Bonegnawer

Rongeur d'Os .

Un rapace d'une grande envergure originaire de Tatooine.

Le Bonegnawer était un oiseau de proie d'une grande envergure (entre huit et dix mètres ailes déployées), natif de Tatooine, et facilement reconnaissable entre tous les autres par son plumage haut en couleur (de la teinte sable ou dorée pour les femelles, à celle bleue électrique ou violet sombre pour les mâles), où dominait toujours au niveau du poitrail, de la crête et de la queue le cramoisi. Beaucoup d'habitants de la planète, et en particulier les Hommes des Sables, le considéraient comme un symbole à la fois de force et de courage, mais aussi de danger, non sans cause directe.

Un bonegnawer en plein vol Un bonegnawer en plein vol En effet, ce rapace possédait toute la panoplie du chasseur redouté : ses ailes amples et son excellente vue lui permettaient de planer extrêmement haut et silencieusement afin de repérer ses proies, avant de plonger sur elles. Une rangée de pics ornait le dos de l'animal. La puissance de sa musculature - et en particulier de ses mâchoires aux dents acérées capables de broyer le roc - agrandissait encore le spectre de son régime alimentaire, qui oscillait du simple rongeur à l'Humanoïde, en passant par le jeune Bantha et le Cliffborer Worm, qu'il allait même chercher jusque dans les failles des rochers en en élargissant l'entrée grâce à son bec. Les os constituaient un délice qu'il se réservait et emportait dans son nid, au contraire de la chair, mangée à même la victime, sur place. Une fois tranquillement installé dans son repaire, il pouvait savourer les carcasses en les broyant pendant des jours, ce qui expliquait que le fond du nid soit tapissé de ces restes appétissants.
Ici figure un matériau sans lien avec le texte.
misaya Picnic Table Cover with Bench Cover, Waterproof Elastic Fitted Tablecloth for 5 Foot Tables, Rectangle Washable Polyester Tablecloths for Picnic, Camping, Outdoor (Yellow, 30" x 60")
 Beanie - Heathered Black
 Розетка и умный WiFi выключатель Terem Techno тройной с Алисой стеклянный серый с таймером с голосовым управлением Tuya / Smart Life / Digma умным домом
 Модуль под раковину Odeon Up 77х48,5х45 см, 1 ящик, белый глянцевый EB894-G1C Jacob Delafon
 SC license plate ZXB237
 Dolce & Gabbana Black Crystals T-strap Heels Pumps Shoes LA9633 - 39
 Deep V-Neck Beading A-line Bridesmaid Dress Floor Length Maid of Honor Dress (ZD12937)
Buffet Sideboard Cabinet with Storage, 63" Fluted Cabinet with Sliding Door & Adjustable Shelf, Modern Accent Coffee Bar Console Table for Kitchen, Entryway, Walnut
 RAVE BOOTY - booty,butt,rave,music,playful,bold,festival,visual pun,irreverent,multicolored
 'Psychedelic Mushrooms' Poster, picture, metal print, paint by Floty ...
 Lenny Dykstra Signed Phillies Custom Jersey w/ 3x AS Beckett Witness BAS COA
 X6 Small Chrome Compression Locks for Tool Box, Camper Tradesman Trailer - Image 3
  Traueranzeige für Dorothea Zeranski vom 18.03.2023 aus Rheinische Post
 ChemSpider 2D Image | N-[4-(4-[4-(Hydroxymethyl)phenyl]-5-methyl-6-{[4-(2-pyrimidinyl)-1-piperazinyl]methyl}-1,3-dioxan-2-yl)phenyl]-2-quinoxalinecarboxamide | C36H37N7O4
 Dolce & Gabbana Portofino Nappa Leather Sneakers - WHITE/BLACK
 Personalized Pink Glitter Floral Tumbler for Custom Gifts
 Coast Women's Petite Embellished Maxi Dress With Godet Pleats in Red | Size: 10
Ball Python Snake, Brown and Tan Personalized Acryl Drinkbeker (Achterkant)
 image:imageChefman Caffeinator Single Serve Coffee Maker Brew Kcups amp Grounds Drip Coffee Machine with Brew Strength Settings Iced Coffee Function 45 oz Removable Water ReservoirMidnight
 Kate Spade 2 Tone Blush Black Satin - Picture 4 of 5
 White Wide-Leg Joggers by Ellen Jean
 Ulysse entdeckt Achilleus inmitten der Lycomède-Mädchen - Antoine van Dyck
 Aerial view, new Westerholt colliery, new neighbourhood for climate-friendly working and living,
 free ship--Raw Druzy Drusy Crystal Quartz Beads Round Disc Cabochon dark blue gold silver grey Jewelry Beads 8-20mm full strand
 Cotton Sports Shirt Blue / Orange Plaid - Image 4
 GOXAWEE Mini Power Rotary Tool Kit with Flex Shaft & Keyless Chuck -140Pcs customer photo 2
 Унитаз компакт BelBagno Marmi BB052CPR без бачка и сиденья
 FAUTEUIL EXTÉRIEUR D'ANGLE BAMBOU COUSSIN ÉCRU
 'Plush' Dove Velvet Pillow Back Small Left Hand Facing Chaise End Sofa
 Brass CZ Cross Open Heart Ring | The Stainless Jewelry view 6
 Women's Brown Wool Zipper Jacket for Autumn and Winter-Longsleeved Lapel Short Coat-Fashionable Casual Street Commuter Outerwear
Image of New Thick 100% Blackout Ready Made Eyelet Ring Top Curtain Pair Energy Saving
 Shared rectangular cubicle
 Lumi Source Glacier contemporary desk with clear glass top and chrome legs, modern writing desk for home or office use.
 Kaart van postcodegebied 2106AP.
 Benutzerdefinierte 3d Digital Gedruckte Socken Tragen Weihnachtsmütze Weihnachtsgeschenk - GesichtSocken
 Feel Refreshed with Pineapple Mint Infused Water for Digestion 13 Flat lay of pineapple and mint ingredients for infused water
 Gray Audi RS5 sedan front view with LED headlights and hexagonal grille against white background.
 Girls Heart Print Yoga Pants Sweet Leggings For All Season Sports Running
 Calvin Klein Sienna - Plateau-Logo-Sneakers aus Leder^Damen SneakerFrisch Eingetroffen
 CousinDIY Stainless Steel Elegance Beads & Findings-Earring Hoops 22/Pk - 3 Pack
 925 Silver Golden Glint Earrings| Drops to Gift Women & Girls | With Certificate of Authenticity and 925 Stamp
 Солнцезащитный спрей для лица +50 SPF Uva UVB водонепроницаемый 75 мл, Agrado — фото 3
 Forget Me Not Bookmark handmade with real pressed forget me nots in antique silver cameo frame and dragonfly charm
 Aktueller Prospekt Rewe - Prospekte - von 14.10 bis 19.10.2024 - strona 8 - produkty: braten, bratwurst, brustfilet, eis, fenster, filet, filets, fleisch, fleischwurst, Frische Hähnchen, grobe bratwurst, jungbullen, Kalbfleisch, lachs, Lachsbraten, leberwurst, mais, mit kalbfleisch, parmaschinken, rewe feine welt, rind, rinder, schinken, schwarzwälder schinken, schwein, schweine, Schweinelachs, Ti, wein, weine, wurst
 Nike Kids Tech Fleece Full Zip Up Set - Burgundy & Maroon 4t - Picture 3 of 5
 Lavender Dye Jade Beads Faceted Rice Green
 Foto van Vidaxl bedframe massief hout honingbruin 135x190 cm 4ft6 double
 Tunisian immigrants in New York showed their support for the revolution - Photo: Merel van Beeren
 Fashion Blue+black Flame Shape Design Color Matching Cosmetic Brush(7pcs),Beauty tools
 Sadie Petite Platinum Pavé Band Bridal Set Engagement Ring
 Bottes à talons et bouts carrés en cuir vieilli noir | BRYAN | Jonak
Ces nids étaient toujours situés dans les vastes étendues désertes de Tatooine, au cœur de la roche, au centre d'une aire maîtrisée par les propriétaires. La plupart du temps, les jeunes restaient environ trois ans avec leurs parents, le temps de savoir se défendre seuls, puis les jeunes femelles évoluaient en bandes, tandis que les mâles s'établissaient à un endroit et y restaient, cette espèce-là ne migrant pas. Un mâle seul pouvait contrôler jusqu'à 30 kilomètres autour de son repaire, qu'il défendait bec et griffes, et dans lequel il ne laissait entrer aucun autre de ses semblables, s'y réservant seul la possibilité de chasse, tant qu'il était célibataire. Mais lorsqu'il découvrait sa « moitié » et formait un couple - et cela avec un seul partenaire femelle pour toute sa vie, qui pouvait atteindre 30 ou 40 ans - ce territoire doublait en circonférence.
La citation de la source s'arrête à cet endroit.